Knight says that if and when the results are disclosed, "It doesn't take a real genius to figure out why did [the Anasazi] leave."
Turner thinks that even if Billman were to present a compelling case for cannibalism, the "Santa Fe" faction would still dismiss it.
Peter Bullock, the Santa Fe anthropologist, already dismisses Billman as one of Turner's students, which he is not. The two men do not know each other.
And of the Case of the Campfire Coprolite, Bullock says, "My suspicion is that we'll never see the results."
As might be expected, on a recent evening in a Scottsdale restaurant, Christy Turner's dinner conversation turned to cannibalism. The waitress delivering the meal's non-human main courses recoiled when she overheard the centuries-old contention that human flesh tastes like . . . pork!
Turner wondered aloud why there are so many jokes about cannibals. Example: Two cannibals are sharing a clown for lunch. One turns to the other and asks, "Does this taste funny to you?"

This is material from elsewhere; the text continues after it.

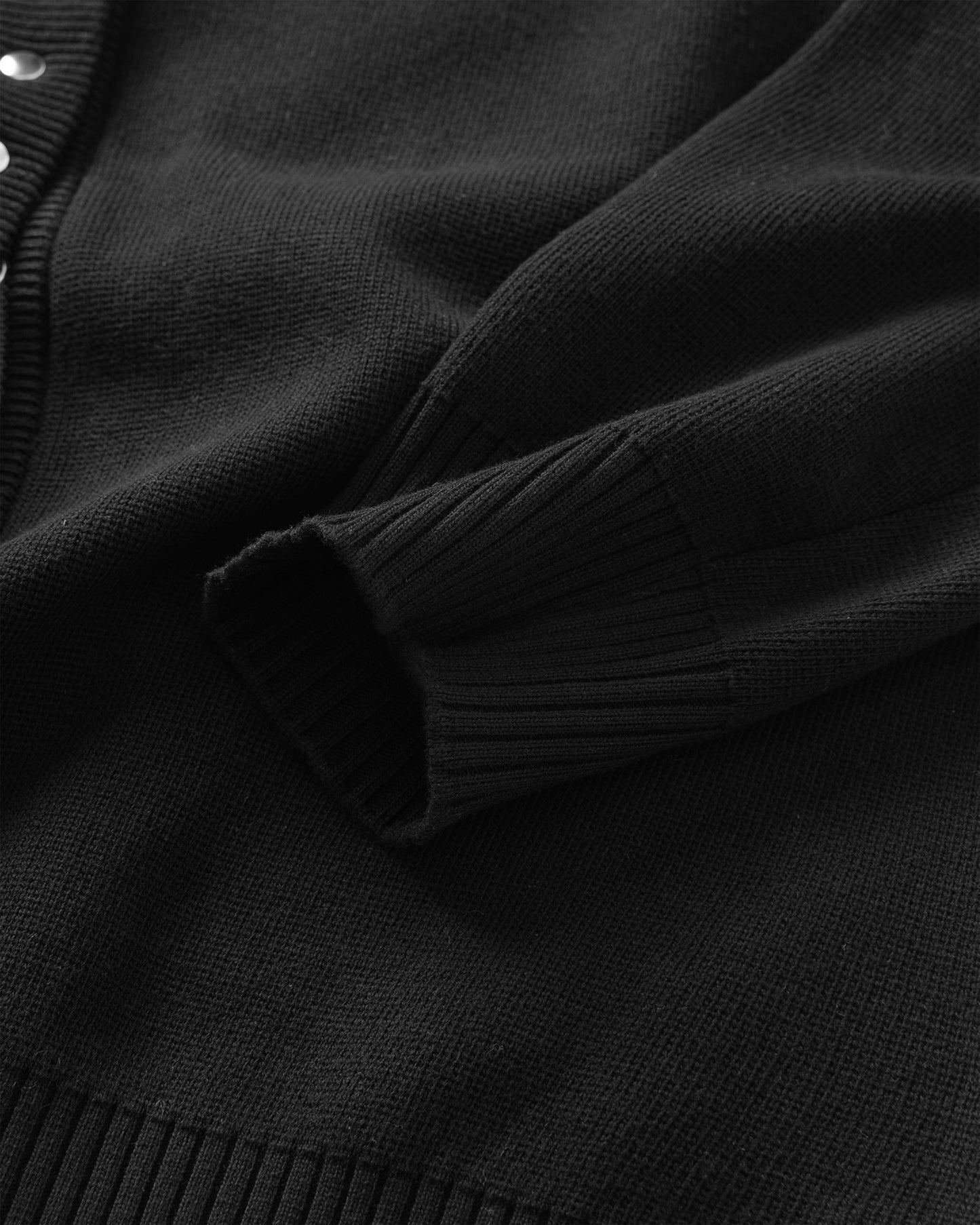 ATYS® TRICOLOR SNAP BUTTON CARDIGAN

Turner's dinner companion, a woman he met some years ago when she served as his translator in Siberia, offered up a Russian twist on a classic: several students sitting glumly around the dinner table. "I hate the dean," one of them says. "So eat your vegetables instead," another tells him.
Turner is returning soon to Siberia to study the animal skeletons and other body parts that have been preserved for centuries in frigid hyena caves. He wants to see what carnivores do to their prey. Whether there are human bones in those caves remains to be seen. He's received a grant from the National Geographic Society, which has funded most of his research projects.
He has no more intentions of studying cannibalism in the Southwest.
"I'm satisfied that I have found the answer," he says. "Let others test it. This is no longer an interesting problem."